I'm Ron Hutchcraft and I want to have A Word With You today about "Responding to the Dispatcher."

Now, an officer on patrol doesn't know where he's needed - the dispatcher knows. The officer's job isn't to decide where he's going to be assigned. It's to respond to the assignment given to him by the dispatcher. That's your job as a follower of Jesus Christ. His "Dispatcher" is called the Holy Spirit who has assignments for you each new day - often unexpected assignments. The extent to which you will be involved in the great plans of God for this planet depends on how responsive you are to those directions from headquarters.

There's a graphic example of this dynamic of being dispatched spiritually in our word for today from the Word of God. Acts 8 tells about Philip's powerful ministry in Samaria where God was moving mightily through his preaching. I'm sure Philip had no plans to leave in the middle of all these amazing events, but according to verse 26, "An angel of the Lord said to Philip, 'Go south to the road, the desert road that goes down from Jerusalem to Gaza.' So he started out." The heavenly Dispatcher led Philip to leave the revival for a road in the desert, and Philip went.
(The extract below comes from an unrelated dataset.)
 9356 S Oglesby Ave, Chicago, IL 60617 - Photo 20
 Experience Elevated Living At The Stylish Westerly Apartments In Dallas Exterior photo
On that road, Philip met an official from the royal court of Ethiopia who was a spiritual seeker. The Bible says, "The Spirit told Philip, 'Go to that chariot and stay near it.' Then Philip ran up to the chariot..." Philip found this man investigating an Old Testament prophecy about Christ. And it says, "Philip began with that very passage of Scripture and told him the good news about Jesus." Well, the man came to Christ, he was baptized on the spot, and carried the Gospel back to Africa. But here comes the Dispatcher from heaven again, "When they came up out of the water, the Spirit of the Lord suddenly took Philip away. Philip traveled about, preaching the gospel in all the towns."

See, that's how it's supposed to work. We wake up in the morning with our plans. Hopefully, plans made prayerfully with God's guidance. But we turn our heart to heaven's frequency in the early moments of the day and we say, "Lord, I've got my plans, but I'm staying tuned to the Holy Spirit, your dispatcher. Direct me where You want me. Help me to be at the right place with the right people doing the right thing at the right time. I'm Yours to assign."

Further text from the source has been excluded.